Task objective: Without skipping anything, print all of the data exactly.

[Stored items]
******************************

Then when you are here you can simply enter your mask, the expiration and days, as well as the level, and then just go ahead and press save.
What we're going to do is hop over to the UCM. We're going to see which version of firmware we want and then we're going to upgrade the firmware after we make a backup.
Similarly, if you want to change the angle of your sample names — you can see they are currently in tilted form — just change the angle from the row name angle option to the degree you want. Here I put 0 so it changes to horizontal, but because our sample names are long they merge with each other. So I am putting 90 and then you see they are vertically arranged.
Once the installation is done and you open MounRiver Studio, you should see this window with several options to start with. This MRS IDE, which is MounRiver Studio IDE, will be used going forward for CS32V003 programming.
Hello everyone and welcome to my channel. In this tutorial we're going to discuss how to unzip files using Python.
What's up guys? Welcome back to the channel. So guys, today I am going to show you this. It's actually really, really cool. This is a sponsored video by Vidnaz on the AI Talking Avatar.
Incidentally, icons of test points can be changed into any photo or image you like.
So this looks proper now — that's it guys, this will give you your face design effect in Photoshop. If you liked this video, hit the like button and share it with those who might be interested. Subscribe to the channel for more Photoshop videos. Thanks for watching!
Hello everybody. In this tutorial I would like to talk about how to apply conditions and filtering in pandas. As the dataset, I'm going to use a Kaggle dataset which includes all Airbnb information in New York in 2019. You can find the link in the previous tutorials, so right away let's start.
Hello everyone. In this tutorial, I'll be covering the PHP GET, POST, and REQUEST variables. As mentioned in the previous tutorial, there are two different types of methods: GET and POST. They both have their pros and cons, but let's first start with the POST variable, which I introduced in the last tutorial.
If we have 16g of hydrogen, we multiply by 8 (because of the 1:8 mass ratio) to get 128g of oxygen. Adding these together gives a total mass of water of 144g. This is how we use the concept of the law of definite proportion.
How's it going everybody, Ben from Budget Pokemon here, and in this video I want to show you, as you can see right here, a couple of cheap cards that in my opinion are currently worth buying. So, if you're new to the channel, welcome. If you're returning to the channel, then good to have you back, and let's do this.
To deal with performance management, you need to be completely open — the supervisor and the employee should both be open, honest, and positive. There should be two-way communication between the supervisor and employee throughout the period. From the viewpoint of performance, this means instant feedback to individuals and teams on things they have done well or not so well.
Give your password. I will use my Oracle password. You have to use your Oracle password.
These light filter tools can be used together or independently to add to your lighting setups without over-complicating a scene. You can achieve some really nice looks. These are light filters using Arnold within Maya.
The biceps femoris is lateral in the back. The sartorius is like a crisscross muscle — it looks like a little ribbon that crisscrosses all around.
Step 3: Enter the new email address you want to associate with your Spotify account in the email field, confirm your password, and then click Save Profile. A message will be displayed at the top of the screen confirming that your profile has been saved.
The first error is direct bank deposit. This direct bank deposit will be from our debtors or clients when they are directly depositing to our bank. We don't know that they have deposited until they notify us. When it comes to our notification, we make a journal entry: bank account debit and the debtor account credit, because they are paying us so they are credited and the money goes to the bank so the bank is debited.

******************************

Output:
Then when you are here you can simply enter your mask, the expiration and days, as well as the level, and then just go ahead and press save.
What we're going to do is hop over to the UCM. We're going to see which version of firmware we want and then we're going to upgrade the firmware after we make a backup.
Similarly, if you want to change the angle of your sample names — you can see they are currently in tilted form — just change the angle from the row name angle option to the degree you want. Here I put 0 so it changes to horizontal, but because our sample names are long they merge with each other. So I am putting 90 and then you see they are vertically arranged.
Once the installation is done and you open MounRiver Studio, you should see this window with several options to start with. This MRS IDE, which is MounRiver Studio IDE, will be used going forward for CS32V003 programming.
Hello everyone and welcome to my channel. In this tutorial we're going to discuss how to unzip files using Python.
What's up guys? Welcome back to the channel. So guys, today I am going to show you this. It's actually really, really cool. This is a sponsored video by Vidnaz on the AI Talking Avatar.
Incidentally, icons of test points can be changed into any photo or image you like.
So this looks proper now — that's it guys, this will give you your face design effect in Photoshop. If you liked this video, hit the like button and share it with those who might be interested. Subscribe to the channel for more Photoshop videos. Thanks for watching!
Hello everybody. In this tutorial I would like to talk about how to apply conditions and filtering in pandas. As the dataset, I'm going to use a Kaggle dataset which includes all Airbnb information in New York in 2019. You can find the link in the previous tutorials, so right away let's start.
Hello everyone. In this tutorial, I'll be covering the PHP GET, POST, and REQUEST variables. As mentioned in the previous tutorial, there are two different types of methods: GET and POST. They both have their pros and cons, but let's first start with the POST variable, which I introduced in the last tutorial.
If we have 16g of hydrogen, we multiply by 8 (because of the 1:8 mass ratio) to get 128g of oxygen. Adding these together gives a total mass of water of 144g. This is how we use the concept of the law of definite proportion.
How's it going everybody, Ben from Budget Pokemon here, and in this video I want to show you, as you can see right here, a couple of cheap cards that in my opinion are currently worth buying. So, if you're new to the channel, welcome. If you're returning to the channel, then good to have you back, and let's do this.
To deal with performance management, you need to be completely open — the supervisor and the employee should both be open, honest, and positive. There should be two-way communication between the supervisor and employee throughout the period. From the viewpoint of performance, this means instant feedback to individuals and teams on things they have done well or not so well.
Give your password. I will use my Oracle password. You have to use your Oracle password.
These light filter tools can be used together or independently to add to your lighting setups without over-complicating a scene. You can achieve some really nice looks. These are light filters using Arnold within Maya.
The biceps femoris is lateral in the back. The sartorius is like a crisscross muscle — it looks like a little ribbon that crisscrosses all around.
Step 3: Enter the new email address you want to associate with your Spotify account in the email field, confirm your password, and then click Save Profile. A message will be displayed at the top of the screen confirming that your profile has been saved.
The first error is direct bank deposit. This direct bank deposit will be from our debtors or clients when they are directly depositing to our bank. We don't know that they have deposited until they notify us. When it comes to our notification, we make a journal entry: bank account debit and the debtor account credit, because they are paying us so they are credited and the money goes to the bank so the bank is debited.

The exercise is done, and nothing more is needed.